TASK STATEMENT » Go to the line below that has "Pont-de-Veyle Apartamento |", print it and each line after it exactly, and stop after the line that has "YILANBAŞI FORMUNDA YAPILMIŞ"; leave out pictures.

INPUT RECORDS »
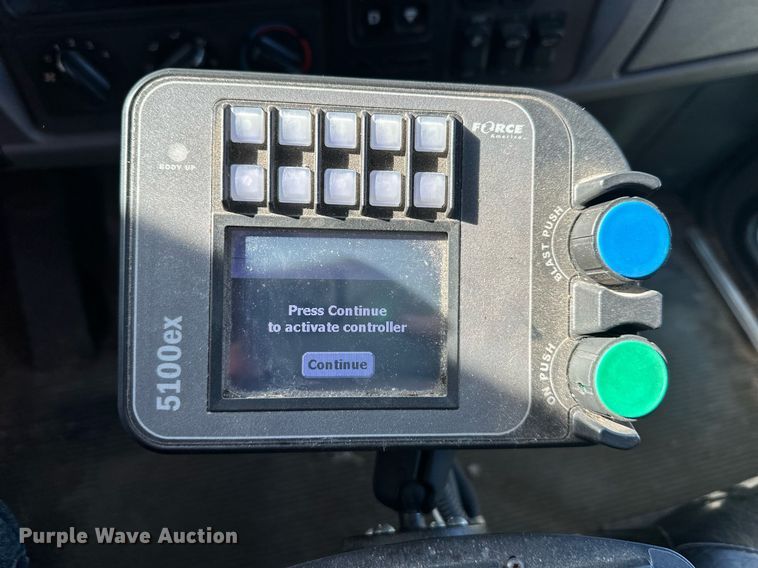 image for item NL9272 2017 Peterbilt 348  hook lift truck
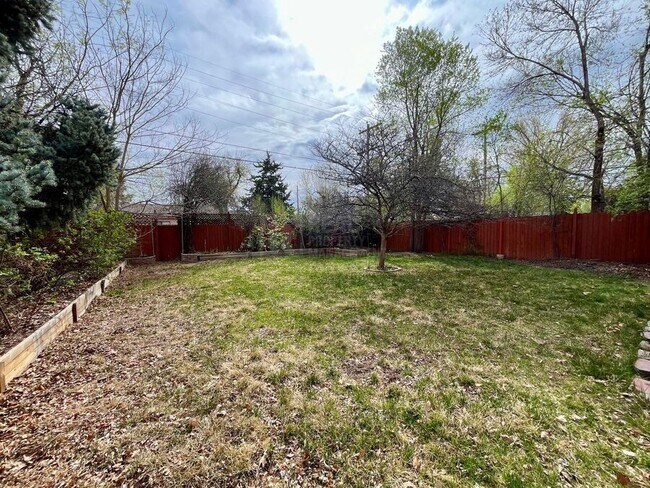 Building Photo - 1400 Willow St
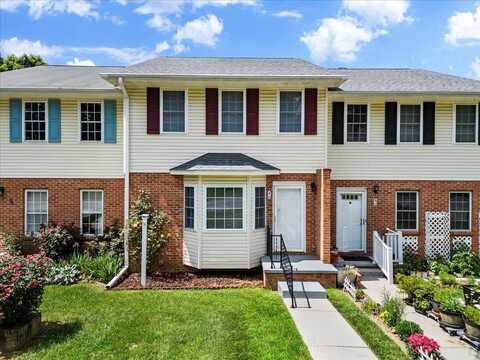 40 Justin Lane, Christiansburg, VA 24073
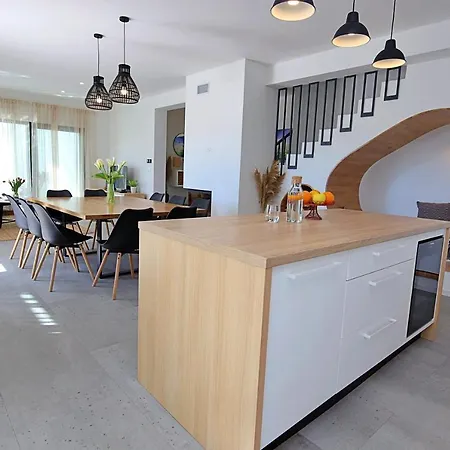 On 16 Villa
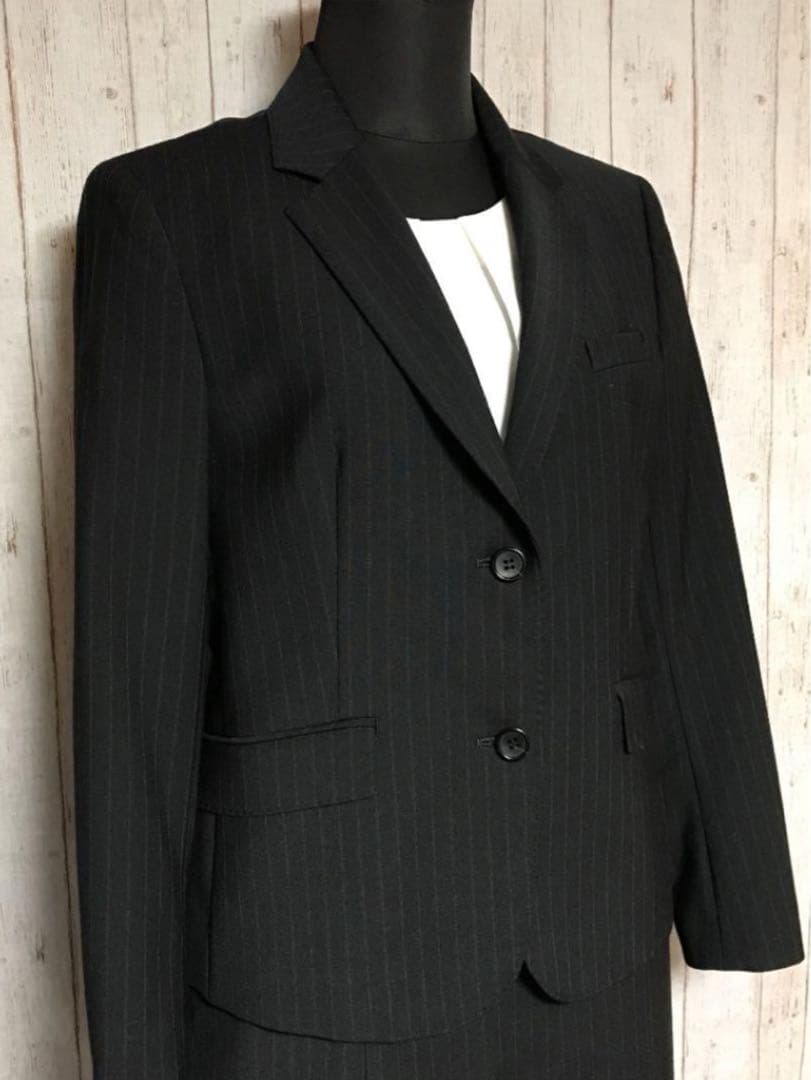 美品！定価57200円23区 ジャケット スカートスーツ40 ブラックストライプ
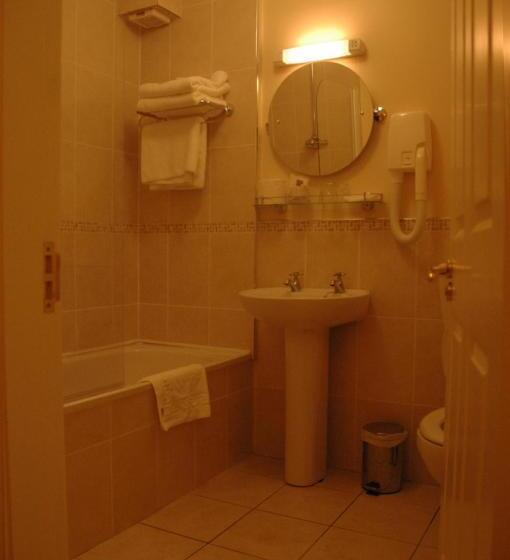 اتاق استاندارد چهار تخته, Fanad House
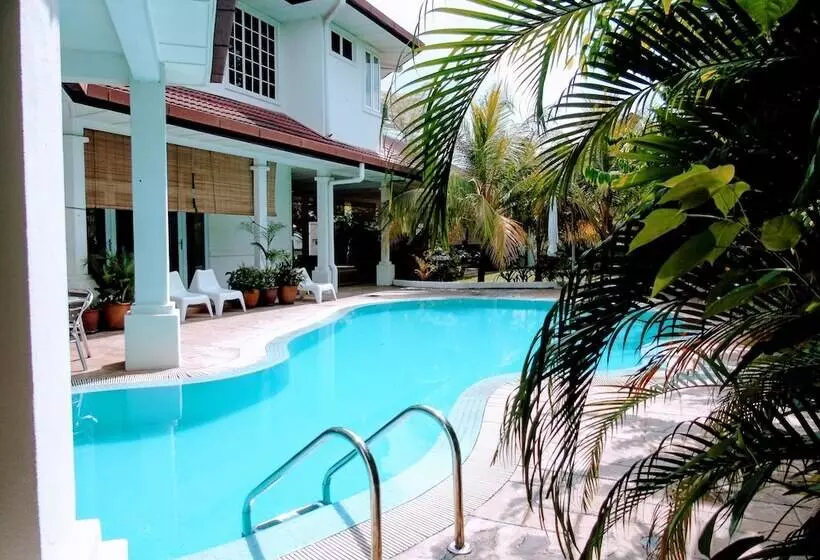 پانسیون Rumah Putih Near Klia & Xiamen University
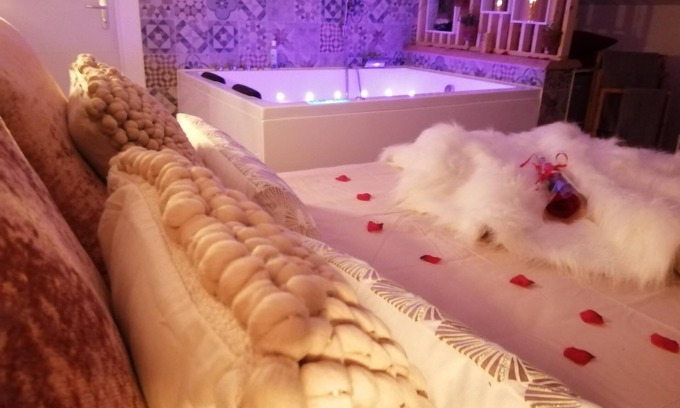 Pont-de-Veyle Apartamento | Nuit Romantique, Champagne, Spa-balnéo, Petit dej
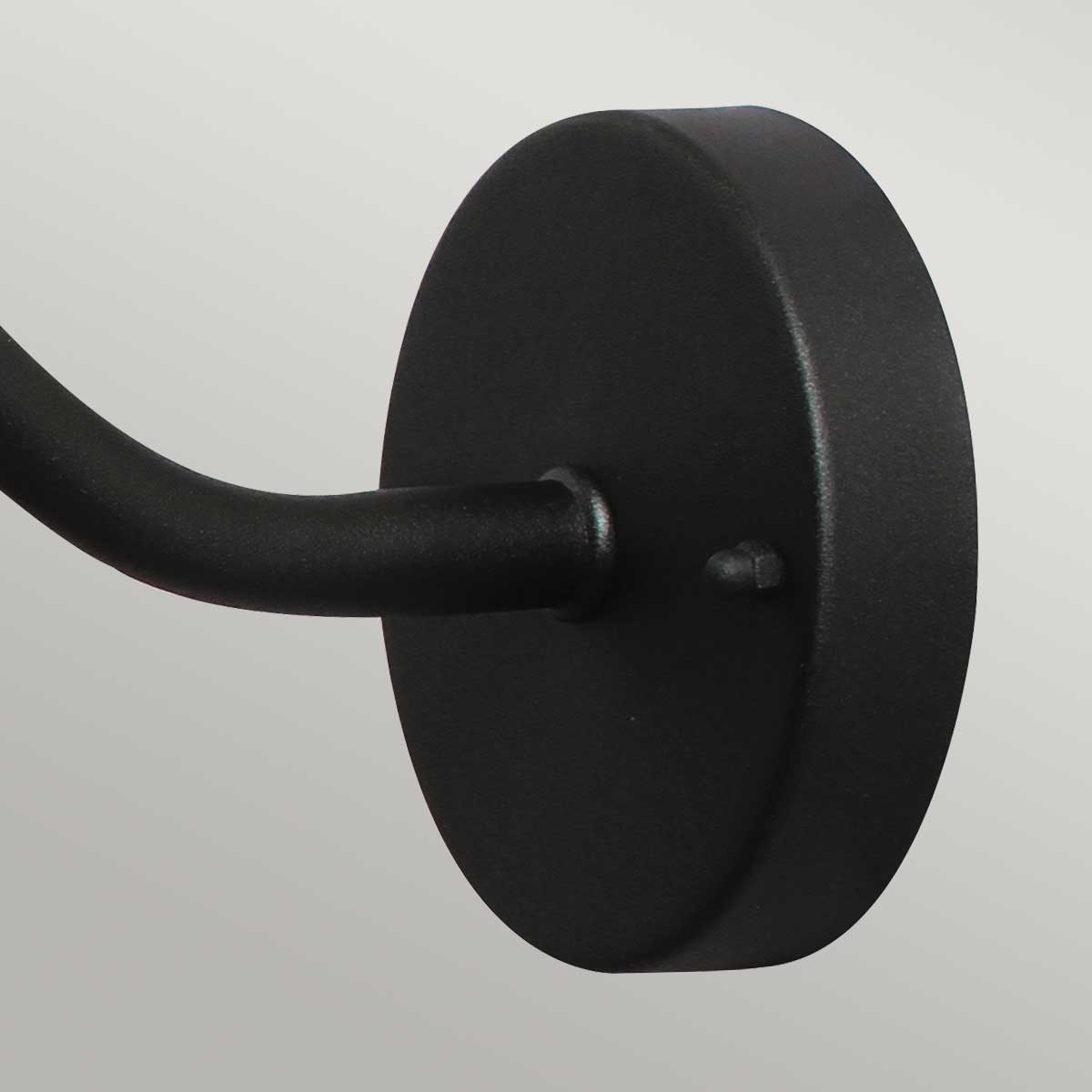 Klampenborg Ø28 Noir lampe d’extérieur De Elstead Lighting - La lampe a un indice de protection IP44 et est livr&eacute;e avec une garantie impressionnante de 15 ans, ce qui la rend &agrave; la fois pratique et durable.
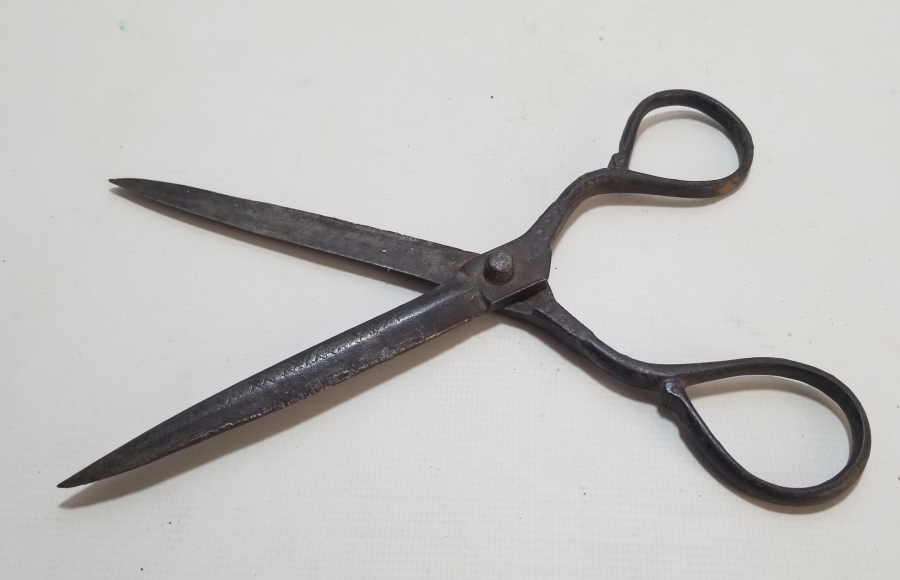 YILANBAŞI FORMUNDA YAPILMIŞ BÜYÜK BOY OSMANLI DÖNEMİ MAKAS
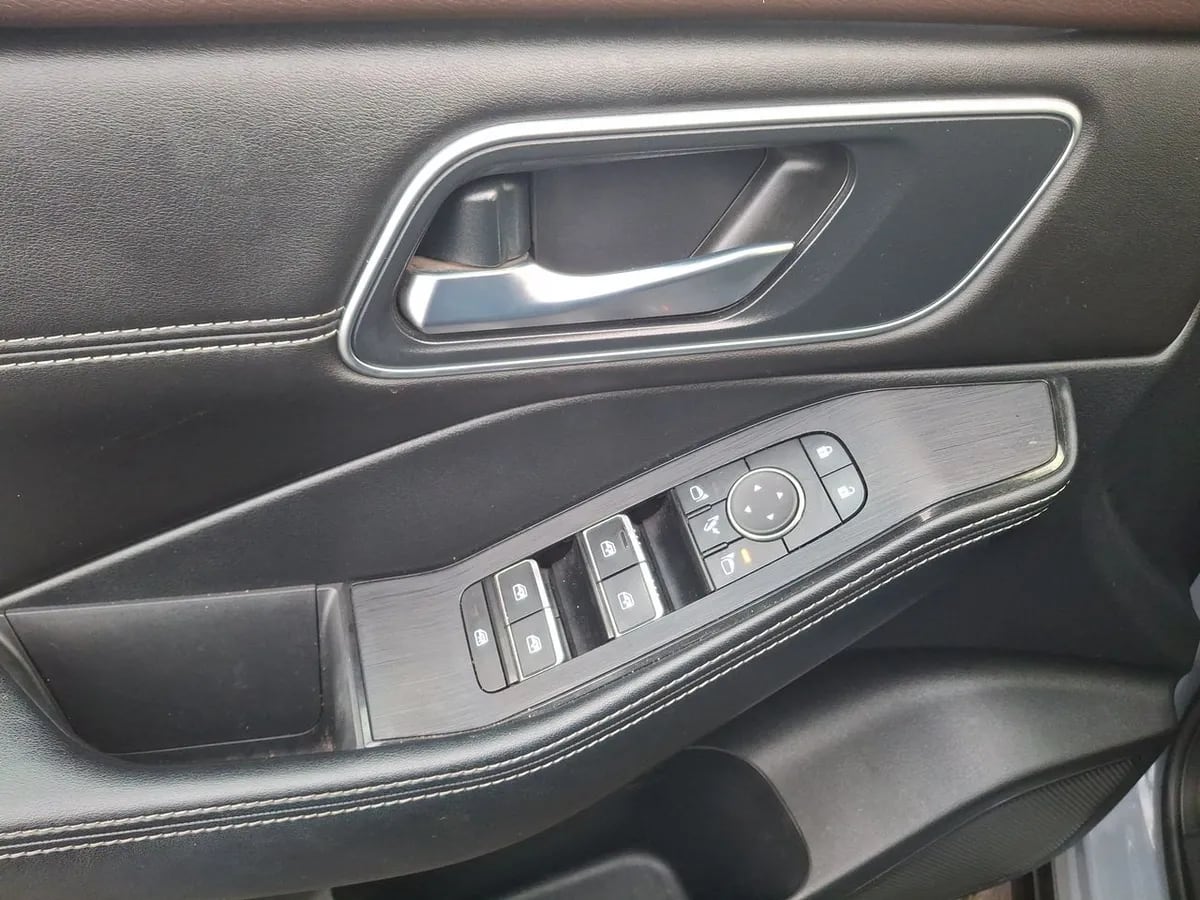 Nissan X-Trail 2.5 Exclusive 4x4 3row Cvt At 5p año 2024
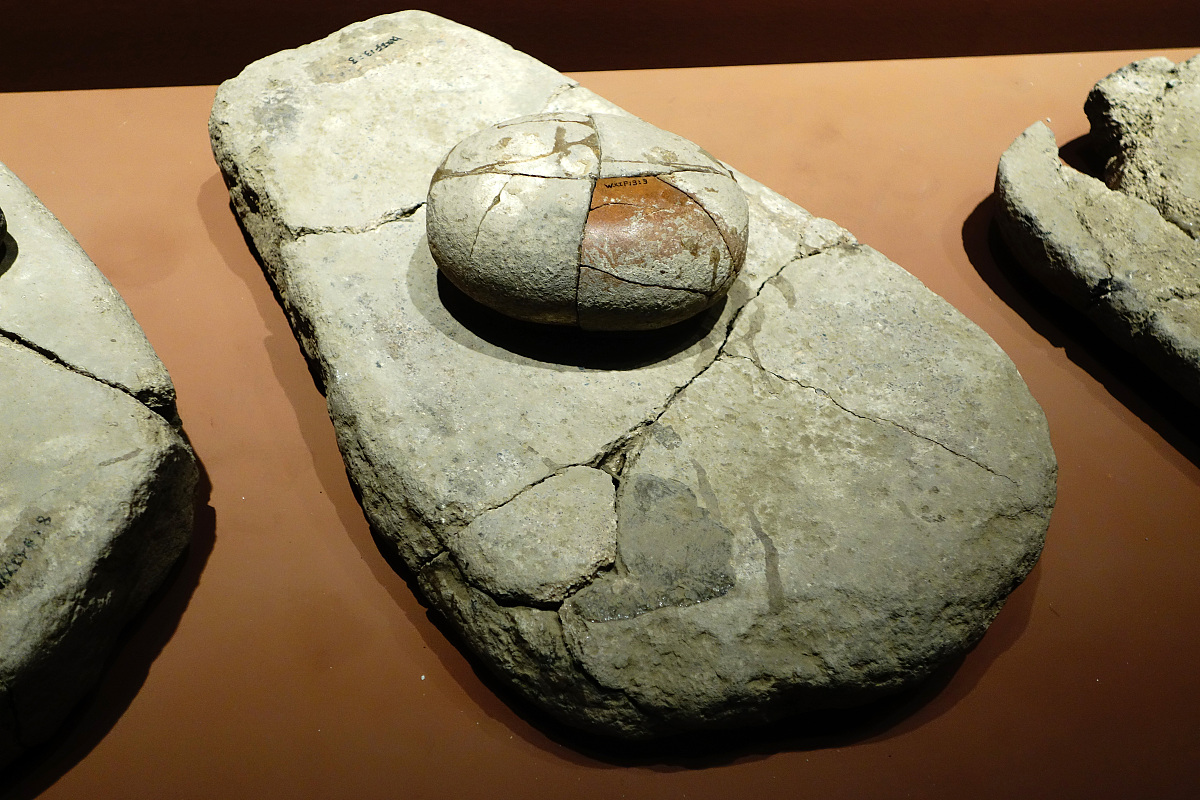 ***_***石磨盘,磨棒,新石器时代·王墓山下类型.距今约6200-6000年,凉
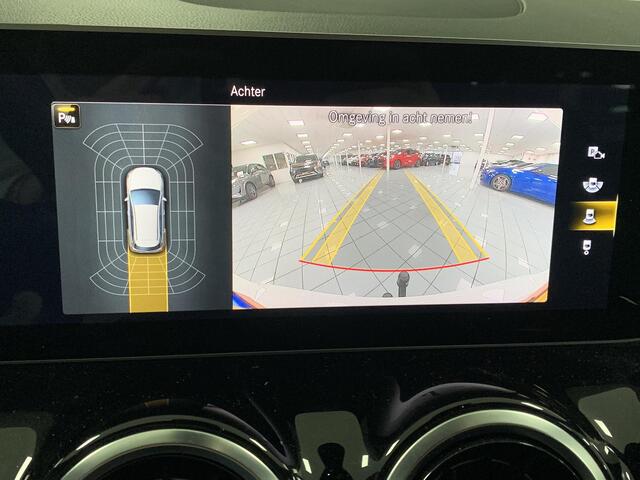 Mercedes-Benz B-KLASSE 180 Premium TREKHAAK | ACHTERUITRIJCAMERA | PARKEERSENSOREN VOOR-EN ACHTER | 18" LICHTMETALEN VELGEN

ANSWER BOX »
 Pont-de-Veyle Apartamento | Nuit Romantique, Champagne, Spa-balnéo, Petit dej
 Klampenborg Ø28 Noir lampe d’extérieur De Elstead Lighting - La lampe a un indice de protection IP44 et est livr&eacute;e avec une garantie impressionnante de 15 ans, ce qui la rend &agrave; la fois pratique et durable.
 YILANBAŞI FORMUNDA YAPILMIŞ BÜYÜK BOY OSMANLI DÖNEMİ MAKAS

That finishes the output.